Oggi negli Stati Uniti, l’attivismo politico palestinese e il sentimento nazionale allo stesso modo sono così censurati che gli attivisti si trovano a combattere accuse infondate invece di organizzarsi. Individui stipendiati dalle principali istituzioni sioniste perseguitano gli studenti universitari con campagne diffamatorie per scoraggiarli dal partecipare alla difesa della Palestina, a volte minacciando la loro carriera e le loro prospettive accademiche.

L’ex Direttore Generale del Ministero degli Affari Strategici israeliano (ora parte del Ministero degli Affari Esteri) lo ha definito “condurre una campagna globale contro l’altra parte. Esporla. Farla stare sulla difensiva”. Ci trasformano in criminali del pensiero, colpevoli della nostra rabbia e dei nostri rancori, delle nostre risposte naturali alla brutalizzazione, messi alle strette e processati.

Eppure, in qualche modo, coloro che condannano la resistenza palestinese la lodano quando sono i bianchi a organizzarla o, più precisamente, quando viene attuata da persone che non sono nemiche del loro più grande alleato e che non minacciano i loro interessi regionali.

Negli ultimi mesi, un articolo del New York Post ha elogiato un “eroico” attentatore suicida ucraino. Uno psicologo intervistato dal New York Times ha descritto “rabbia e odio” nel contesto dell’occupazione come “una reazione normale e comprensibile”, affermando che tale odio dovrebbe essere “incanalato in qualcosa di utile”, come “fabbricare bombe incendiarie”.

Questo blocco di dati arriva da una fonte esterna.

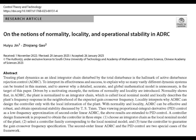Welcome to our deep dive. Today we're looking at some really cool research on active disturbance rejection control — ADRC. The paper we're looking at is called 'On the Notions of Normality, Locality, and Operational Stability in ADRC.' It really dives into why this control approach works so well, and it might just change how we think about good old PID control.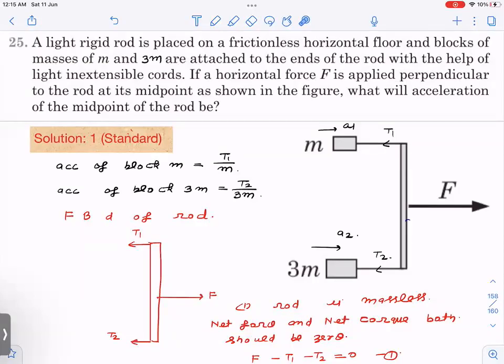This is 'Build Up Your Understanding' question 25, from rotational motion. A light rigid rod is placed on a frictionless horizontal floor, and blocks of mass m and 3m are attached to the ends of the rod. Note: 2m was written in the book but 3m was given in the diagram, so that has been corrected. The blocks are attached with light inextensible cords, and a horizontal force F is applied perpendicular to the rod at its midpoint.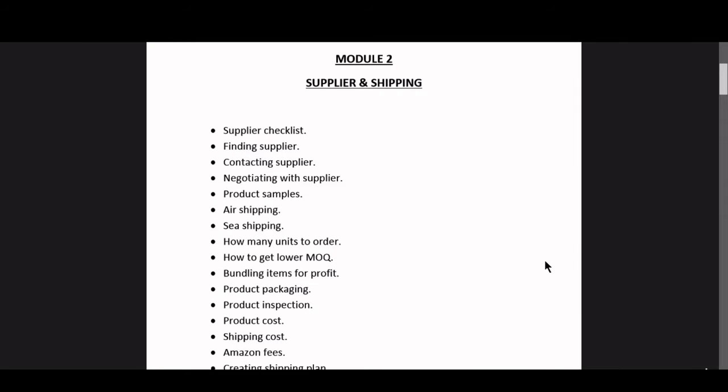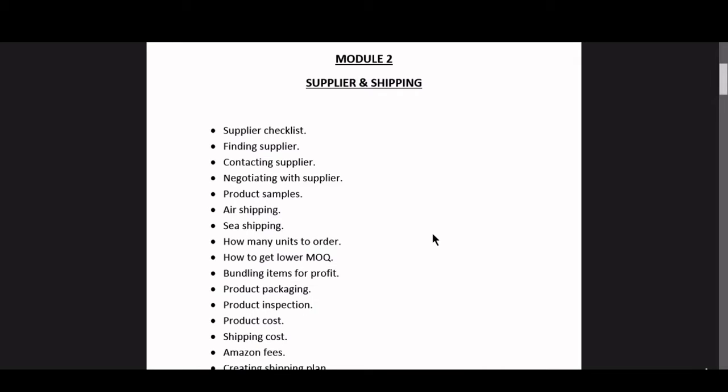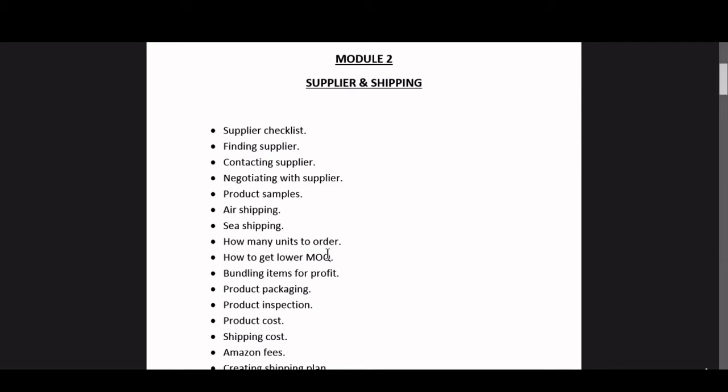Hey guys, as you can see we are on to another video and today's topic is going to be on how many units to order. So guys, how many units should you be ordering for your Amazon FBA business? This really depends on your budget and the product that you are selling on Amazon.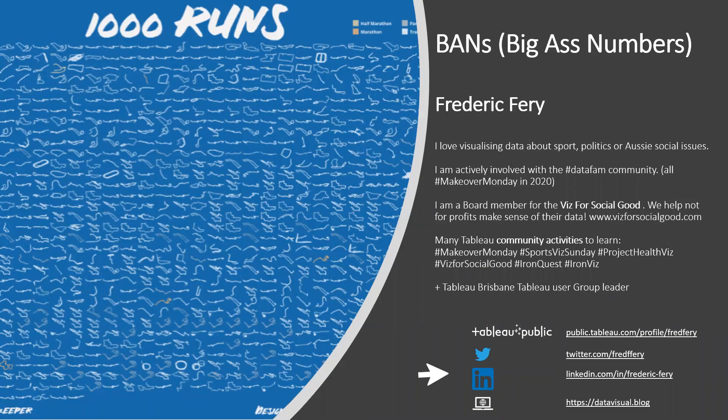Hello, I'm Frederic. Today I want to talk to you very quickly about BANs or big as numbers. We also call them KPIs or scorecards. Those things are very useful for dashboards.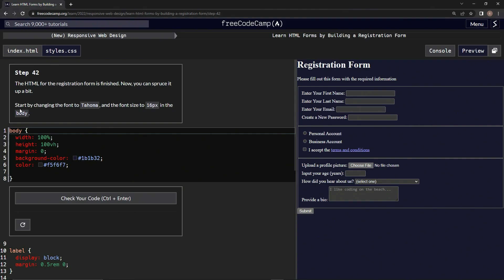We're going to start by changing the font to Tahoma and the font size to 16 pixels in the body.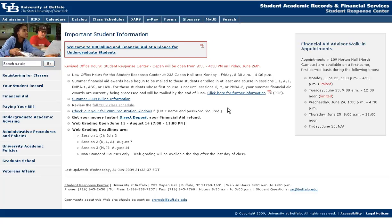Hello again, this is Jerry Godwin from Student Advising Services. What we're going to do is take a quick tour of the Student Response Center, which is one of the websites that we highly recommend that you bookmark. Their web address is src.buffalo.edu. So let's take a look at the layout of the Student Response Center page.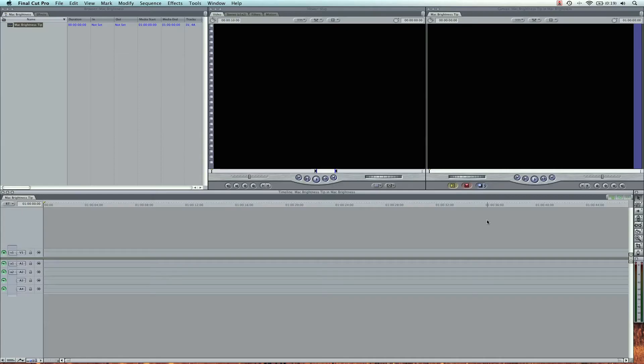Hey, what's up? Zach King here and I'm going to be showing you a quick, really awesome Mac brightness tip and volume tip actually.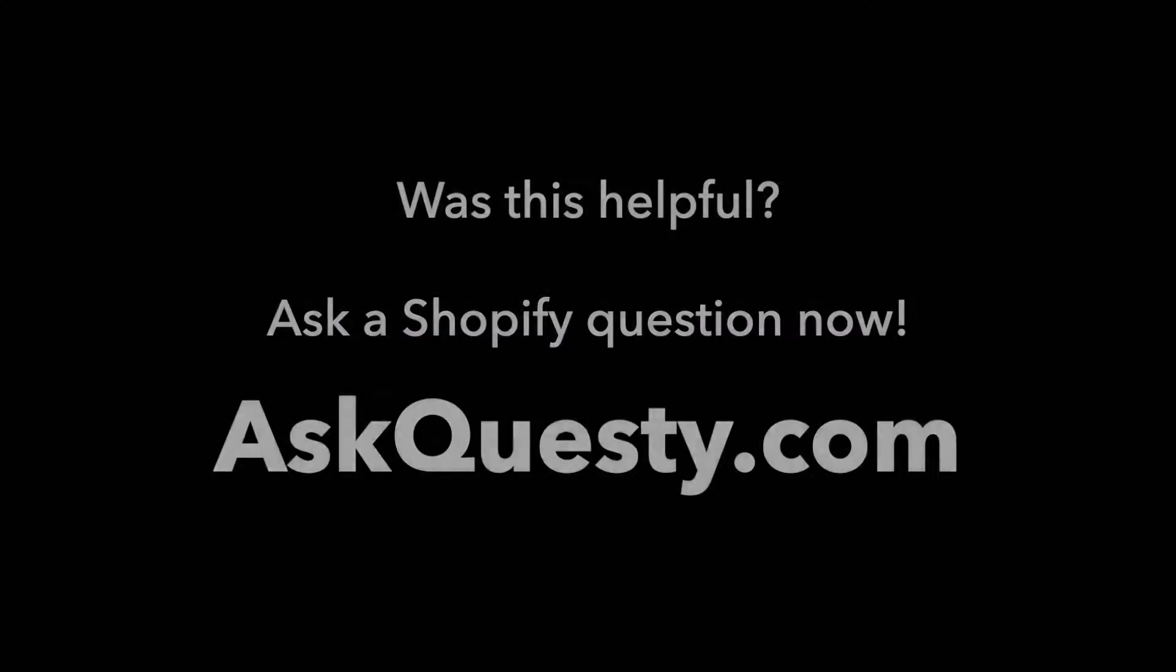Was this helpful? Ask a Shopify question now. AskQuestie.com.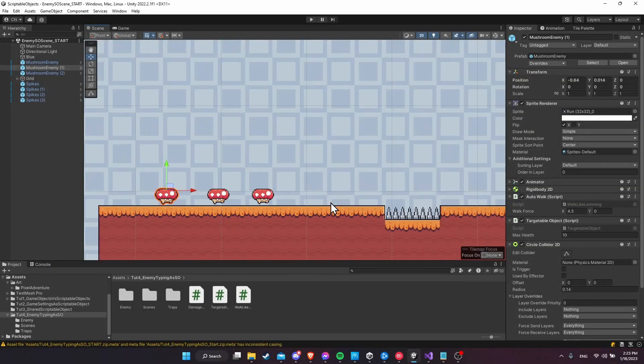Hello everybody, Chris here. In this video I want to show you how you can use scriptable objects in order to mark enemy types. This can be used for other things as well, such as an ability type — whether it wants to be poisonous or fire damage, a fire enemy or poisonous enemy, or just to simply mark a character in the game as being a player, an NPC, or an enemy — however you need to differentiate them.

Nella mentalità americana tradizionale, la violenza sembra essere un concetto in continua mutazione. È normalizzata quando è dispensata dallo Stato, formalizzata e commessa da uomini e donne in uniforme. La politica di sparare per uccidere, la detenzione amministrativa senza accusa o processo e il furto di terra sono spesso legali e sempre eseguiti secondo il protocollo.

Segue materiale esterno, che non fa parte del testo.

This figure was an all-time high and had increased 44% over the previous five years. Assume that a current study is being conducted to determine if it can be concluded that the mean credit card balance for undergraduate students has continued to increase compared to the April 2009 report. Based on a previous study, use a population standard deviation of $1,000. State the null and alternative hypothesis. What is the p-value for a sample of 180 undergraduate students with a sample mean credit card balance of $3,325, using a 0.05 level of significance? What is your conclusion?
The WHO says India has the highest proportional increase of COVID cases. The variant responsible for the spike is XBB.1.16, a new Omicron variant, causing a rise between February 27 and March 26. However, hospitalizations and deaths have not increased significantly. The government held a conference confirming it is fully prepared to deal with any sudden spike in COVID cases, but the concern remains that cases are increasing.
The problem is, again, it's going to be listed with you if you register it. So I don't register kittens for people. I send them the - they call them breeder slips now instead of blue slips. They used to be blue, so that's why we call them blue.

Le barriere militari, gli stati giuridici codificati per etnia e i muri di cemento che dividono le famiglie sono giustificabili. L’elenco continua. Non solo ci sono giustificazioni per tutto questo, ma ci sono 3,8 miliardi di dollari/euro di denaro dei contribuenti statunitensi che lo sponsorizzano ogni anno.

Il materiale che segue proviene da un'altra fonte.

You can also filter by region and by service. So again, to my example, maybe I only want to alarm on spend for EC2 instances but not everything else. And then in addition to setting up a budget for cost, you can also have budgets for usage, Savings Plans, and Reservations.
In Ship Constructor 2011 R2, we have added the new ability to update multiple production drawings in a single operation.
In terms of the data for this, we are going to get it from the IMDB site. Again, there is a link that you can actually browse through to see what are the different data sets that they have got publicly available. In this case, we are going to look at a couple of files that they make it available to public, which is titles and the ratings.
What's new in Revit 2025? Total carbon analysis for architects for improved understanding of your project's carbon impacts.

Quindi non cercherò di convincere nessuno del nostro diritto a resistere. Non citerò il diritto internazionale. Non invocherò Malcom X o Assata Shakur. Nemmeno la giustificazione di Martin Luther King per le rivolte. Non ironizzerò sulla sensibilità morale delle persone che hanno inventato le leggi “Stand Your Ground” (Difendi la Tua Posizione). Perché non c’è bisogno di guardare lontano per capire che coloro che sono colpiti reagiranno.

Coloro che resistono, quelli nati e cresciuti nella violenza, non hanno bisogno dell’approvazione degli studenti della Ivy League o dei conduttori televisivi dei grandi media che normalmente chiudono un occhio sui decenni di violenza debilitante, sistematica e incessante del regime israeliano.

Allora, per questo sono qualcuno che crede nella violenza? No, io non credo nella violenza.

Mohammed El-Kurd è un poeta, scrittore, giornalista pluripremiato e attivista internazionale di Gerusalemme, Palestina occupata, e cofondatore del movimento #SaveSheikhJarrah. È autore di RIFQA.